Looking at the quote in that context, it isn’t quite so morbid. It’s a reminder to appreciate the time we are given and to take whole advantage of it. It means that yes, there are sacrifices we have to make in the present in order to get what we want, but if you want that reward, you must go for it. It also goes to the kind of person you want to be. Are you someone who gets things done? Are you someone who expresses compassion and empathy when given the opportunity? Or are you someone who has a hair trigger and expects the world to give you what you want? Do you have a fragile ego and feel threatened by other people simply existing?
We get one go round and we never know when that time is up. We are all waiting in line and when our number is called there is no going back. Yes, it is still terrifying and slightly morbid, but that shouldn’t deter you from going for what you want. It isn’t an excuse to say that it’s all futile because we all die. It’s the impetus to make something worthwhile while you are here. Take advantage of the opportunities that come your way because if they are there, they were meant for you. I mean, you can choose to take either path, accepting life as meaningless or giving it as much meaning as you can. I know this raises the whole half full half empty question, but I truly do think this is where we have to be grateful we have a cup.

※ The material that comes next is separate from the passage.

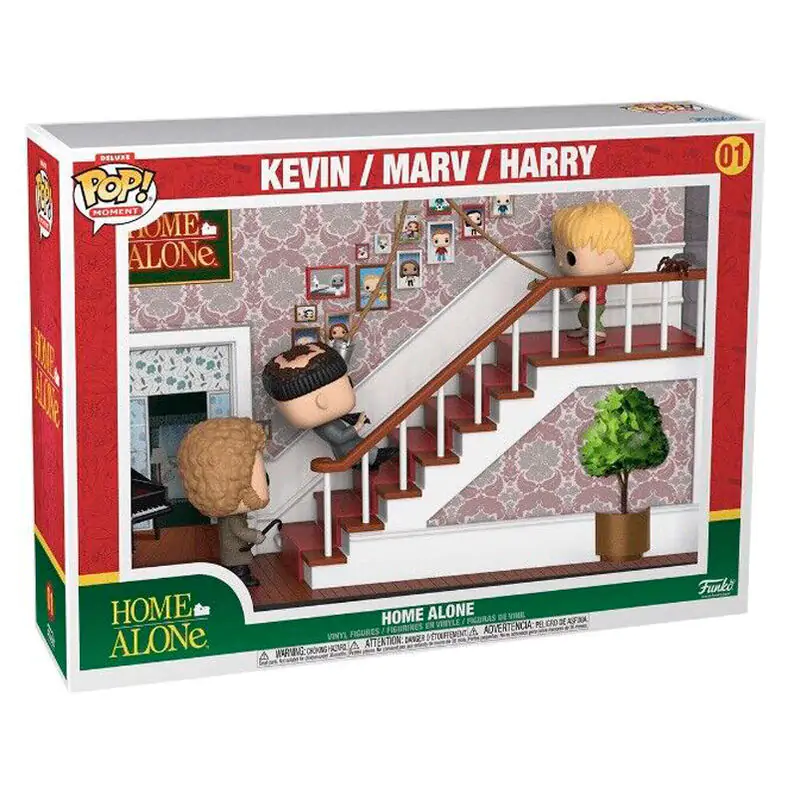 Funko POP figúrka Moments Deluxe Home Alone Staircase produktová fotografia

Thinking that all of this is going to end is actually comforting to some. If we think about money and attaining material things, it is quite comforting to know none of that matters. When we die, no one is going to check our credit score, so that is pretty damn arbitrary. That is a standard and a stressor we put on ourselves. So learn to treat those things like a game. The truth is we really don’t know for certain what comes after our time here. But that is also comforting because you can live knowing you did your best and that is enough because the reality is that is ALL you can do. You have your shot, take it. Let the knowledge that this all ends some day be a comfort and a motivator rather than a fear or a deterrent from living your best life. Let it encourage you and take that action. That’s probably exactly what you need to do so let go of fear, and do it.